• **THE TASK**
Extract every line below that contains the word "table".
Top of SUPPLIED RECORDS
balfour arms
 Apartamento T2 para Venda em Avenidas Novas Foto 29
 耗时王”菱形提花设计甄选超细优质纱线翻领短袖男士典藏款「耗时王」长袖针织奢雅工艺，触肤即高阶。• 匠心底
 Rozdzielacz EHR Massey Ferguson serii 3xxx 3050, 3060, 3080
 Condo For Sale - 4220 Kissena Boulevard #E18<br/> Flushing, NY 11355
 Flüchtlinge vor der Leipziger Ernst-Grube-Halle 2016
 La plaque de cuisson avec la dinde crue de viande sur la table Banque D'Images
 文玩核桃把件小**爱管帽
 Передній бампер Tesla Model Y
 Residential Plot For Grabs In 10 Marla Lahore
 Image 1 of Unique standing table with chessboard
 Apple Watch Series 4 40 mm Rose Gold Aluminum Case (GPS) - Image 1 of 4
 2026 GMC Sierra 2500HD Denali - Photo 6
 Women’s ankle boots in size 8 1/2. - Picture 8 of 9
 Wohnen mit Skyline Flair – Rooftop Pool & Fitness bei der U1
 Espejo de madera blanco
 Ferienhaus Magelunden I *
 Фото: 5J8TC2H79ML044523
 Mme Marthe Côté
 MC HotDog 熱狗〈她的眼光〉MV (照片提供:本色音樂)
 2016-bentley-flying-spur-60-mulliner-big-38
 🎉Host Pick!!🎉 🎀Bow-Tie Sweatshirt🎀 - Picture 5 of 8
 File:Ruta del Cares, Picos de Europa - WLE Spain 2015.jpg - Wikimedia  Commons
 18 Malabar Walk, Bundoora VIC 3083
Bottom of SUPPLIED RECORDS
• **ANSWER BOX**
 La plaque de cuisson avec la dinde crue de viande sur la table Banque D'Images
 Image 1 of Unique standing table with chessboard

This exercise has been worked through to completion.